Ayo berlangganan newsletter mingguan Wednesday Bite. Recharge pengetahuanmu di tengah minggu, biar topik obrolan makin seru!
Kondisi menggenaskan di Madagaskar
Lisa Zimmerman, kepala kantor UNICEF di Madagaskar, mengungkapkan 47% anak usia 5–17 tahun di negara kepulauan tersebut bekerja sebagai buruh kasar, jauh lebih tinggi dari rata-rata kawasan.
"Buruh anak lebih banyak dialami anak laki-laki daripada perempuan, lebih parah di daerah pedesaan dibanding perkotaan, dan terutama menimpa anak dari keluarga miskin,” ujarnya.
Sebanyak 32% anak di Madagaskar tercatat melakoni pekerjaan berbahaya, bentuk paling ekstrem dari buruh anak.
Krisis iklim memperburuk situasi. Kekeringan dan siklon yang melanda sektor pertanian mendorong banyak keluarga berpindah ke pertambangan mika.
"Guncangan iklim membuat keluarga dan anak-anak terdesak masuk ke bentuk-bentuk kerja baru, dan sering kali lebih berbahaya,” kata Zimmerman.
Beberapa komunitas di wilayah kering Madagaskar bagian barat daya kini mengandalkan penambangan mika sebagai pengganti pertanian. Madagaskar merupakan eksportir mika terbesar ketiga di dunia setelah Rusia dan India. Permintaan tinggi terhadap mika di sektor energi terbarukan membuat industri ini berkembang pesat.
"Sebagian besar anak harus turun langsung ke tambang untuk membantu keluarga dan mendapatkan makanan,” ujar Zimmerman.

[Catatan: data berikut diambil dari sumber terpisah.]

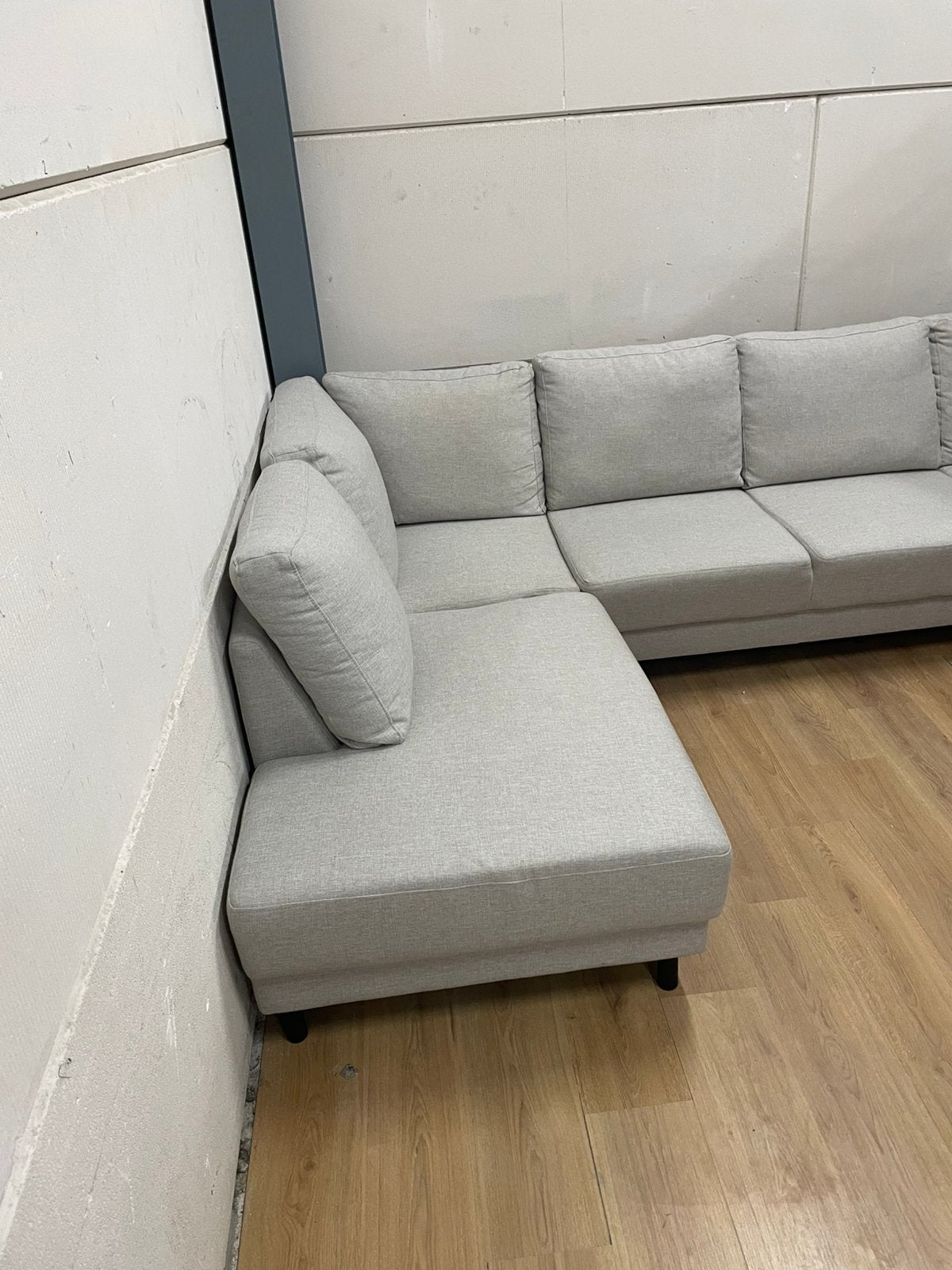 Mooie luxe licht grijze hoekbank - GEREINIGD!!!, Huis en Inrichting, Banken | Bankstellen, Ophalen, Luxe, Hoekbank, 300 cm of meer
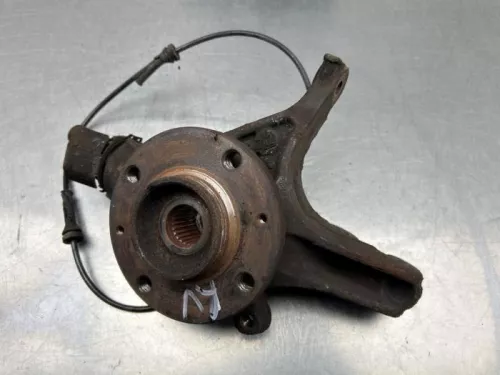 Fusee rechts-voor-8242770 (22219411)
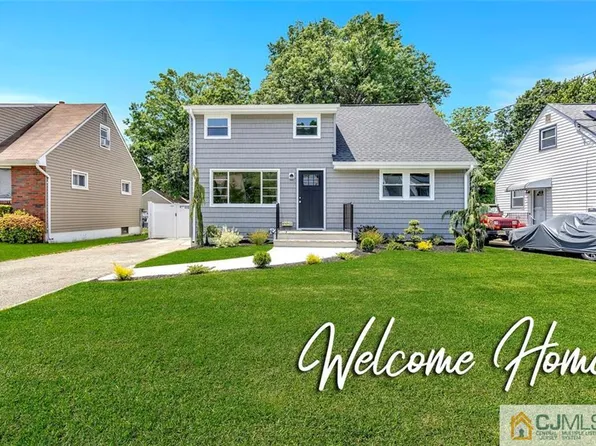 27 Louis St, Hopelawn, NJ 08861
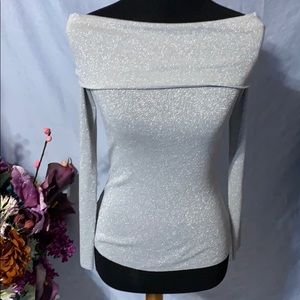 AnnTaylor off the shoulder petite top. Small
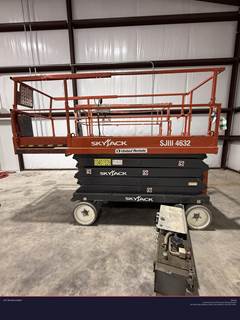 Skyjack SJIII-4632 Scissor Lift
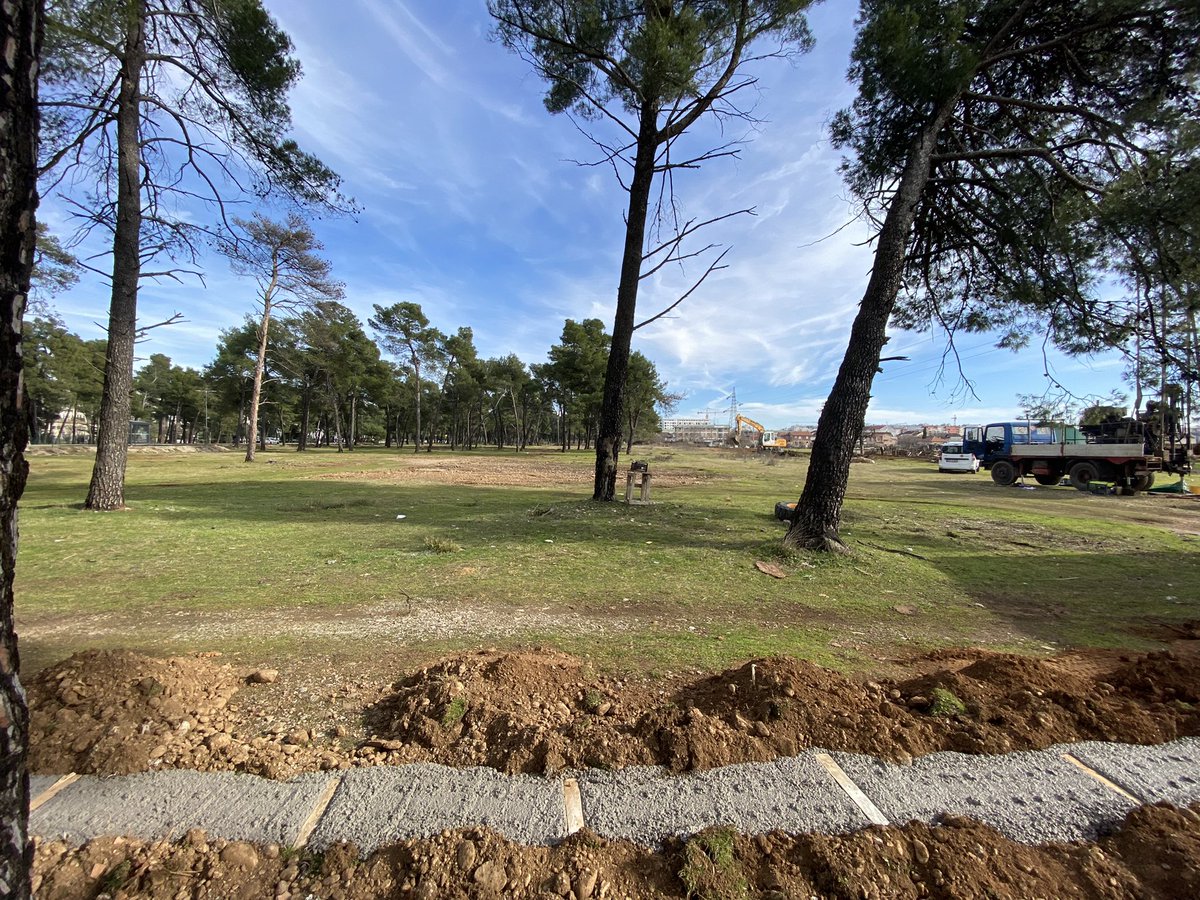 bbabroad's tweet photo. If you look closely, you just might see a #communitygarden. May be a little early to harvest, but coming soon… https://t.co/vR9DxQbJGJ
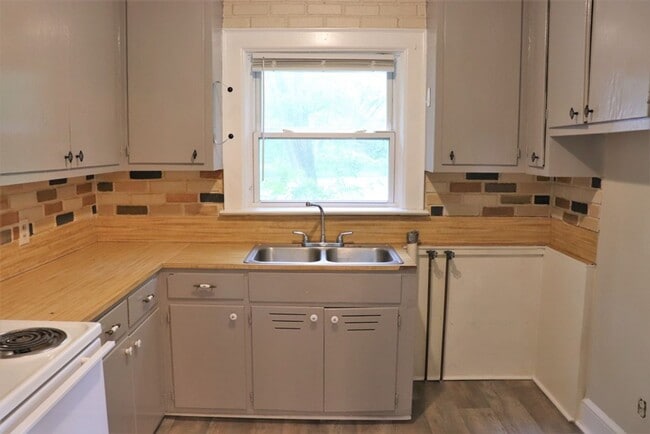 Building Photo - Charming 2-bedroom waiting to be yours !!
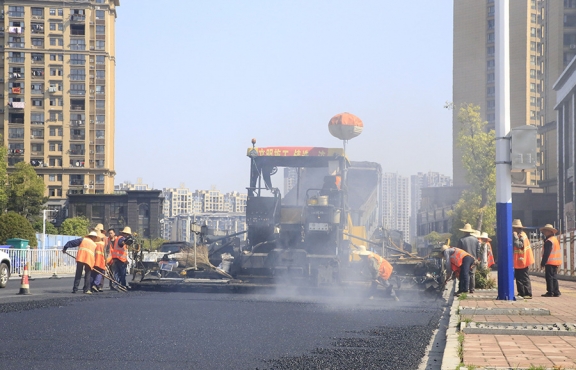 2020年3月20日上午，宜春市高士北路路面改造工程快速推進(jìn)，施工現(xiàn)場一片繁忙景象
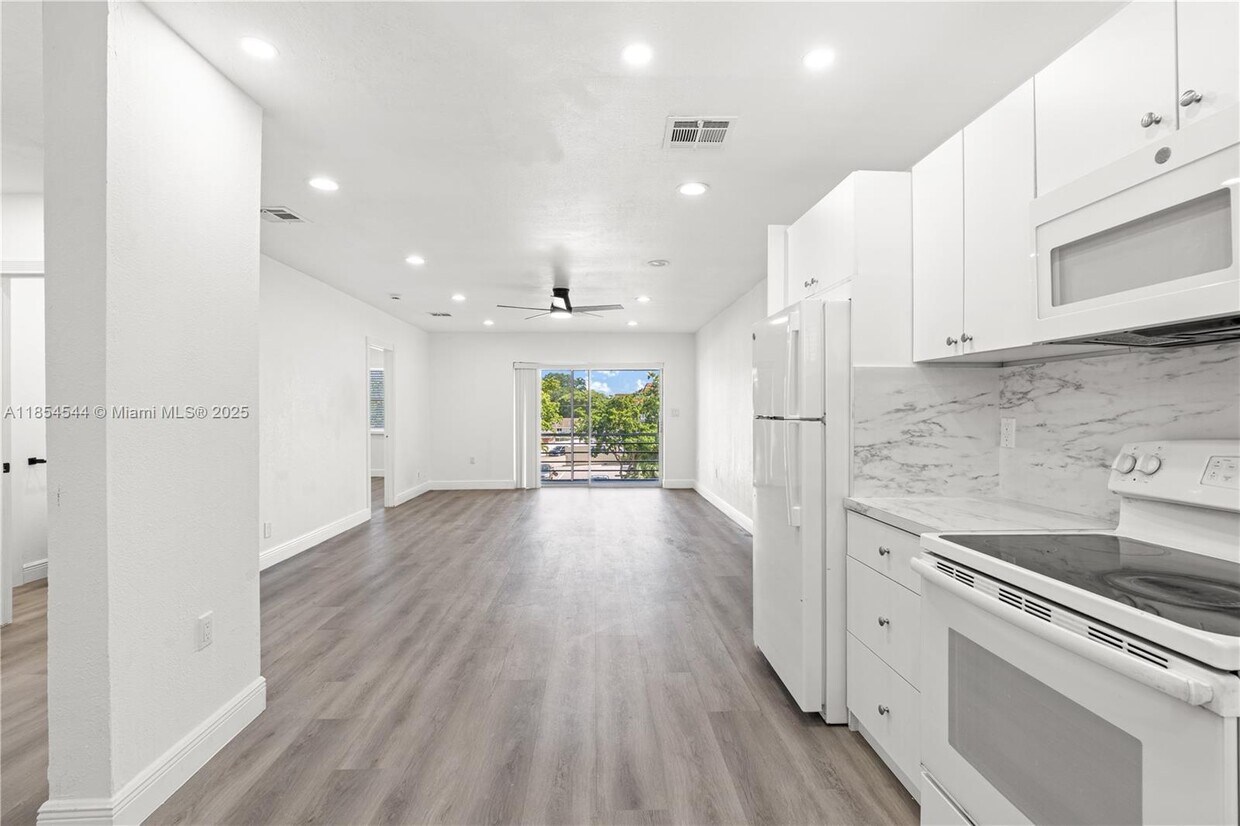 Primary Photo - 1400 NE 57th Ct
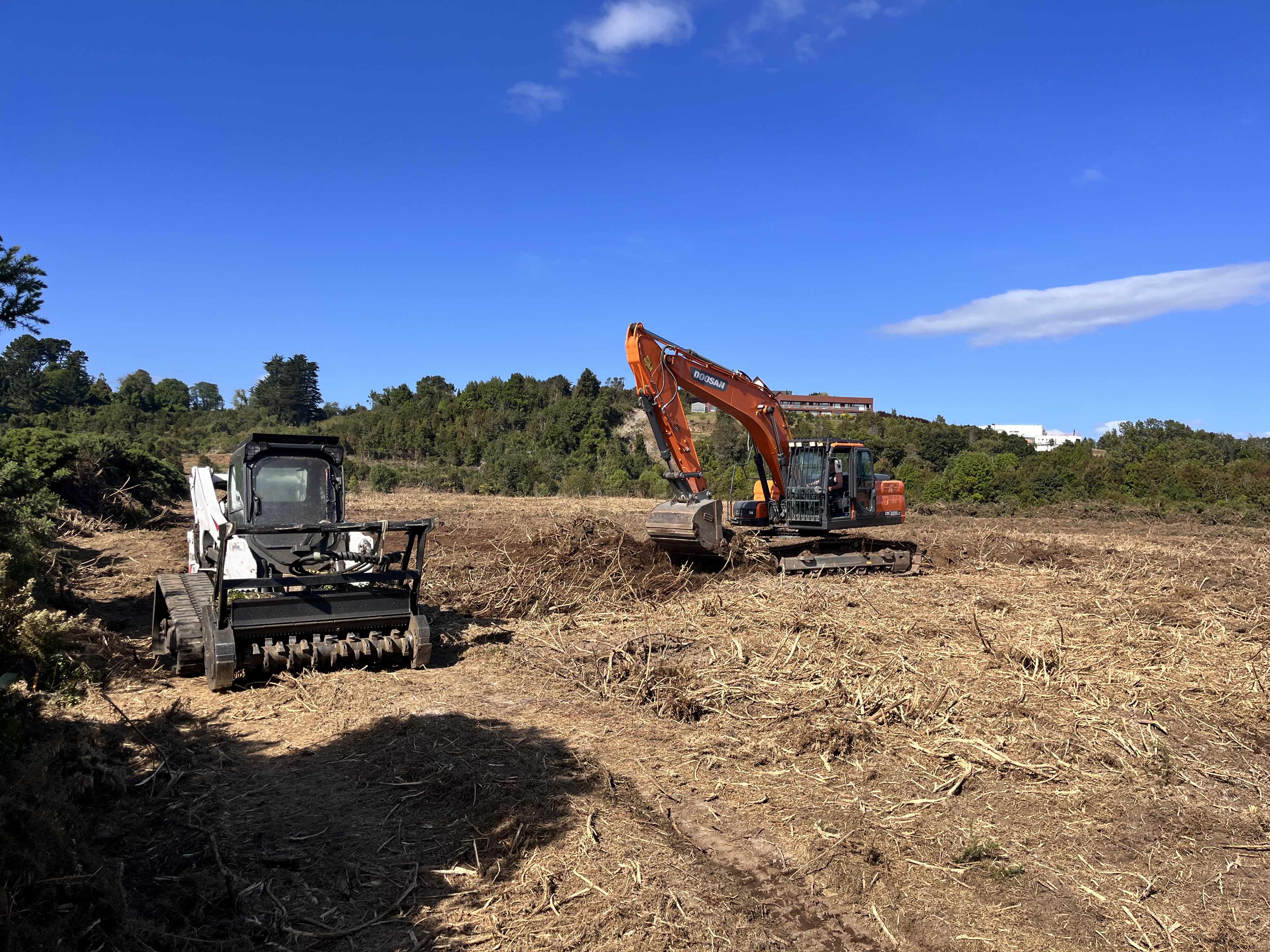 <b>PREGUNTAS FRECUENTES</b>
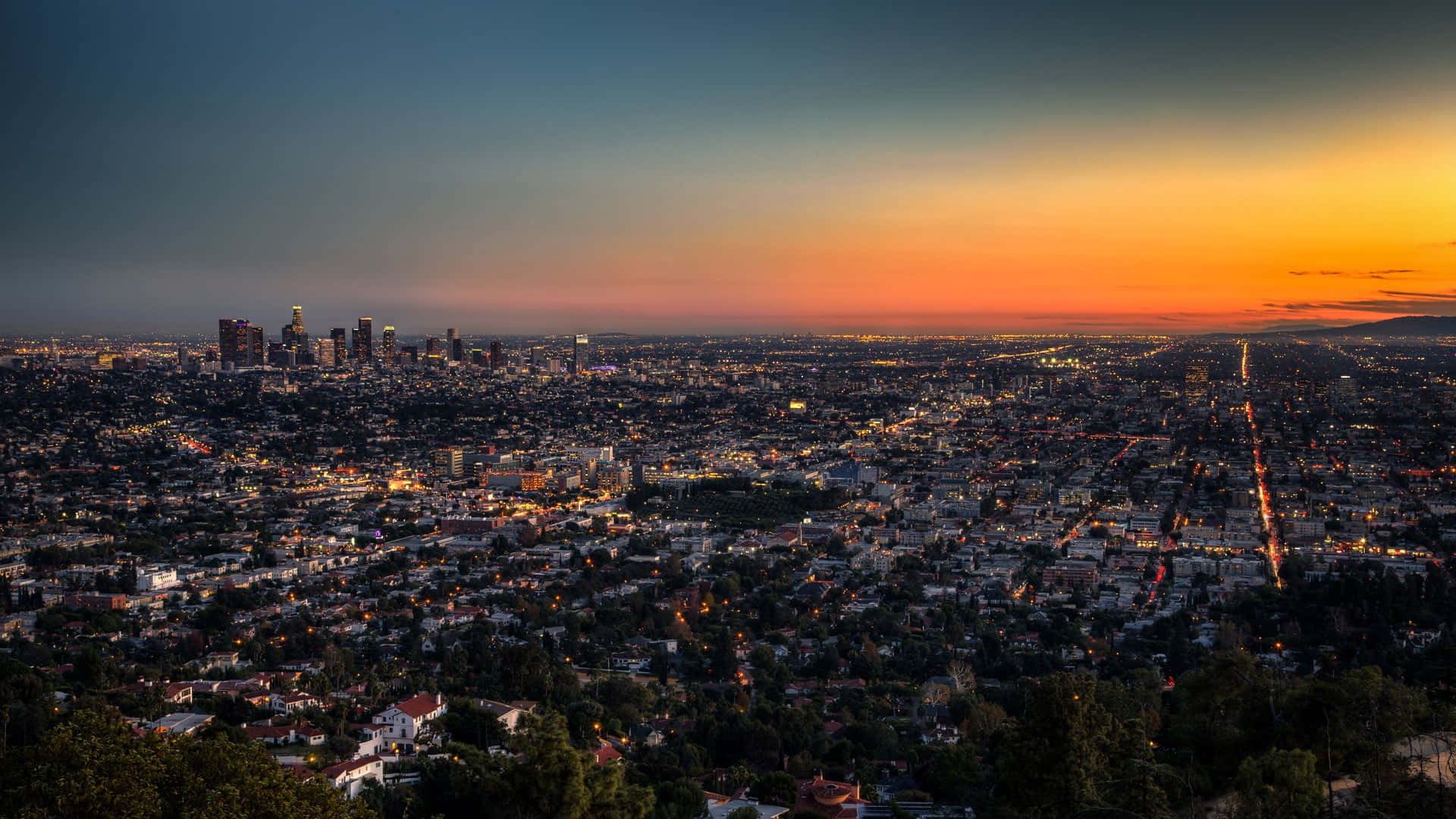Los Angeles Skyline During Twilight Wallpaper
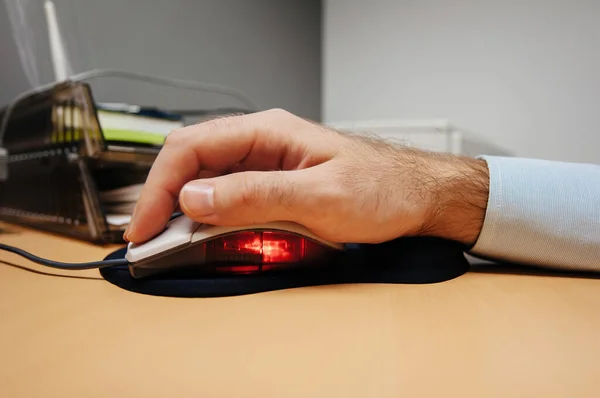 Zijaanzicht van mannelijke hand houden computer muis wijzende apparaten — Stockfoto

Dalam banyak kasus, penambangan mika melibatkan seluruh anggota keluarga, termasuk anak-anak. Mereka mengaku kepada peneliti PBB bahwa jika tidak ikut bekerja, keluarga mereka tidak bisa makan.
Siklus yang terus berulang
ILO mendefinisikan buruh anak sebagai pekerjaan yang merampas masa kanak-kanak, martabat, dan potensi anak, terutama karena menghalangi mereka bersekolah. Namun, di banyak komunitas Afrika, pemahaman tentang buruh anak berbeda, dan sering dianggap sebagai kebutuhan.
Lydia Osei, peneliti dari Universitas Ghana, mengatakan persoalan buruh anak belum ditangani secara serius oleh masyarakat sendiri.
"Buruh anak adalah masalah besar, tetapi kita belum benar-benar membuat upaya sadar untuk menghadapinya,” ujarnya kepada DW.
Di Afrika Barat, praktik buruh anak banyak terjadi di pertambangan, pertanian, dan pekerjaan rumah tangga. Di Ghana, buruh anak dalam industri kakao dan tambang informal masih umum.
"Saya rasa tak ada orang tua yang ingin anak usia 8 tahun bekerja di tempat penambangan dan terluka. Tapi karena tradisi mengizinkan anak membantu ekonomi keluarga, mereka tetap diajak,” katanya.
Majikan di tambang sering membiarkan anak-anak bekerja bersama orang tuanya, mulai dari menyortir hingga masuk ke celah sempit yang tak bisa dijangkau orang dewasa.
"Biasanya, anak-anak ini tidak mendapat upah tunai. Mereka dibayar dengan batu atau bijih. Tapi karena mereka merasa sudah mendapatkan ‘hasil', mereka tidak melihatnya sebagai eksploitasi,” kata Osei. "Dan itulah kenapa siklus ini terus berlangsung.”
Seperti di banyak tempat lain, dampak jangka panjang dari anak yang tidak bersekolah dan masuk dunia kerja sejak dini baru terasa bertahun-tahun kemudian. Karena itu, ILO dan UNICEF mendesak pemerintah di Afrika Sub-Sahara untuk segera menyusun strategi memutus siklus buruh anak.
Bertahan hidup
Meski target menghapus buruh anak pada 2025 belum tercapai, Maksud menilai ada kemajuan lewat pembentukan kerangka hukum dan peningkatan akses pendidikan, terutama bagi anak perempuan. Menurutnya, pertumbuhan ekonomi di Afrika Sub-Sahara memberi harapan akan adanya kesempatan yang lebih merata.
"Keluarga hanya mencoba bertahan hidup. Mereka membuat pilihan bukan karena mereka jahat, tapi karena tidak punya jalan lain. Jika kita memberikan mereka alternatif, mungkin menyuruh anak bekerja bukan lagi pilihan utama,” tutupnya.